# Bumblebee



## Jacki (Apr 22, 2010)




----------



## Jacki (Apr 23, 2010)

Anything?


----------



## mwcfarms (Apr 23, 2010)

Nice macro, i like how it is almost looking at you.


----------



## Carbon_D (Apr 23, 2010)

I lke it a lot, surprising you caught one sitting long enough


----------



## Jacki (Apr 23, 2010)

Thanks. He started buzzing his wings at me and looking angry, so I only got a few pictures.


----------



## Fedaykin (Apr 23, 2010)

Great job, though the highlights on the closest leaves are kinda distracting.


----------



## Jacki (Apr 24, 2010)

Fedaykin said:


> Great job, though the highlights on the closest leaves are kinda distracting.



I agree. The lighting was really weird that day. Maybe I just still have a lot to learn about lighting though.


----------



## Fedaykin (Apr 24, 2010)

Jacki said:


> Fedaykin said:
> 
> 
> > Great job, though the highlights on the closest leaves are kinda distracting.
> ...



Actually the light is pretty harsh, so underexposing to make it softer would have underexposed the bee too much. You would need either fill flash or something to shade the subject, or maybe even a reflector could have helped. 

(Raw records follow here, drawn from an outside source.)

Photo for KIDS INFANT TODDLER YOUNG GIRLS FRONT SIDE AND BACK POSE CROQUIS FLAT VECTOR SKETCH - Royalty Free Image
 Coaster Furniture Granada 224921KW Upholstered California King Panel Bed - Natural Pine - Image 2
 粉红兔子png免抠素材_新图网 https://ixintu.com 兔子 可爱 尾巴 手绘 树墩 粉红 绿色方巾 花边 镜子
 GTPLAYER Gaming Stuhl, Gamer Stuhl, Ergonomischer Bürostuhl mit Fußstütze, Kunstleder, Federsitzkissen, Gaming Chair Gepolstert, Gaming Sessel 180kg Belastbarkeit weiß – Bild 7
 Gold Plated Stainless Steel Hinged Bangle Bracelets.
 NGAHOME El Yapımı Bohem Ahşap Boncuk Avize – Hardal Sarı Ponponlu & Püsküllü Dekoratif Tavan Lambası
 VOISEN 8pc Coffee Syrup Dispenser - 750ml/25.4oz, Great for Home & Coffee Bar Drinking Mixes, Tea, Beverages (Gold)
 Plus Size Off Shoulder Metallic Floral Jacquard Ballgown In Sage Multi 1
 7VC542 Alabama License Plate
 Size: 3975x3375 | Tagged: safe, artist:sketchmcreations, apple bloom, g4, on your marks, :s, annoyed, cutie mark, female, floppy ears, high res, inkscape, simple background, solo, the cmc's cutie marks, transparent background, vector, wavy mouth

You're exposure looks good, it's just the light isn't that good. 


My 2 cents.


----------



## USM IS (Apr 25, 2010)

Don't know if I could get one that good with my G11. Looks more like what I could do if my act was together with the Mark III and 180 macro.....But I'm a beginner.......Mike


----------



## Jacki (Apr 26, 2010)

USM IS said:


> Don't know if I could get one that good with my G11. Looks more like what I could do if my act was together with the Mark III and 180 macro.....But I'm a beginner.......Mike



I'm a "beginner" as well. I don't normally get such good picture opportunities. :blushing: But thank you!


----------